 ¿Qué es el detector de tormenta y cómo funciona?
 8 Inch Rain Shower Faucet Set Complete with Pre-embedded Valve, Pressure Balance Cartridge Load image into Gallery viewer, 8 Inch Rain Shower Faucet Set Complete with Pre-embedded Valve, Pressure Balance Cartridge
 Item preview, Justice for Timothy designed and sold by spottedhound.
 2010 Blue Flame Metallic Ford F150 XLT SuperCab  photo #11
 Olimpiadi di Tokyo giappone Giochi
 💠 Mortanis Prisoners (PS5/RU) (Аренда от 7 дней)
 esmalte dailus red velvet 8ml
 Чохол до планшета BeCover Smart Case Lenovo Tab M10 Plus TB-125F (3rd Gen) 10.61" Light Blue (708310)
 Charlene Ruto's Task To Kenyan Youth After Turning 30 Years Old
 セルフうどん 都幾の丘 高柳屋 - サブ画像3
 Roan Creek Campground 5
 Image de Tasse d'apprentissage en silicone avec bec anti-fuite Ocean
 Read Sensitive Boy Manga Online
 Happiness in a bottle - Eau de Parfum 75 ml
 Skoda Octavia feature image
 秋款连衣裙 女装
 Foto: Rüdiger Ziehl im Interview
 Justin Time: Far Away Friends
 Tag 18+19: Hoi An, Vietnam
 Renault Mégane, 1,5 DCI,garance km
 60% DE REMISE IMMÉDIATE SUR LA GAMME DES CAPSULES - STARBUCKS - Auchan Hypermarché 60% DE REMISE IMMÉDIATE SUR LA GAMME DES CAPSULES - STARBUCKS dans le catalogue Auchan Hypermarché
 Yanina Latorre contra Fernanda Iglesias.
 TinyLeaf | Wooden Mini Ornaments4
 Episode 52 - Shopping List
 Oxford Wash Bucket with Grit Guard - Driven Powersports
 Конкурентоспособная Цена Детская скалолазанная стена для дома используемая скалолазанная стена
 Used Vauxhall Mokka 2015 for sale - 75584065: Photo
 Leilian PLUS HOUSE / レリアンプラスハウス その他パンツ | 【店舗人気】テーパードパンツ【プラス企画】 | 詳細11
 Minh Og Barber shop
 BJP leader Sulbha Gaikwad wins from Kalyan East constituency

- **PROBLEM STATEMENT**: Write the data above out again in full, exactly.

- **ANSWER FOR THIS EXERCISE**:
 ¿Qué es el detector de tormenta y cómo funciona?
 8 Inch Rain Shower Faucet Set Complete with Pre-embedded Valve, Pressure Balance Cartridge Load image into Gallery viewer, 8 Inch Rain Shower Faucet Set Complete with Pre-embedded Valve, Pressure Balance Cartridge
 Item preview, Justice for Timothy designed and sold by spottedhound.
 2010 Blue Flame Metallic Ford F150 XLT SuperCab  photo #11
 Olimpiadi di Tokyo giappone Giochi
 💠 Mortanis Prisoners (PS5/RU) (Аренда от 7 дней)
 esmalte dailus red velvet 8ml
 Чохол до планшета BeCover Smart Case Lenovo Tab M10 Plus TB-125F (3rd Gen) 10.61" Light Blue (708310)
 Charlene Ruto's Task To Kenyan Youth After Turning 30 Years Old
 セルフうどん 都幾の丘 高柳屋 - サブ画像3
 Roan Creek Campground 5
 Image de Tasse d'apprentissage en silicone avec bec anti-fuite Ocean
 Read Sensitive Boy Manga Online
 Happiness in a bottle - Eau de Parfum 75 ml
 Skoda Octavia feature image
 秋款连衣裙 女装
 Foto: Rüdiger Ziehl im Interview
 Justin Time: Far Away Friends
 Tag 18+19: Hoi An, Vietnam
 Renault Mégane, 1,5 DCI,garance km
 60% DE REMISE IMMÉDIATE SUR LA GAMME DES CAPSULES - STARBUCKS - Auchan Hypermarché 60% DE REMISE IMMÉDIATE SUR LA GAMME DES CAPSULES - STARBUCKS dans le catalogue Auchan Hypermarché
 Yanina Latorre contra Fernanda Iglesias.
 TinyLeaf | Wooden Mini Ornaments4
 Episode 52 - Shopping List
 Oxford Wash Bucket with Grit Guard - Driven Powersports
 Конкурентоспособная Цена Детская скалолазанная стена для дома используемая скалолазанная стена
 Used Vauxhall Mokka 2015 for sale - 75584065: Photo
 Leilian PLUS HOUSE / レリアンプラスハウス その他パンツ | 【店舗人気】テーパードパンツ【プラス企画】 | 詳細11
 Minh Og Barber shop
 BJP leader Sulbha Gaikwad wins from Kalyan East constituency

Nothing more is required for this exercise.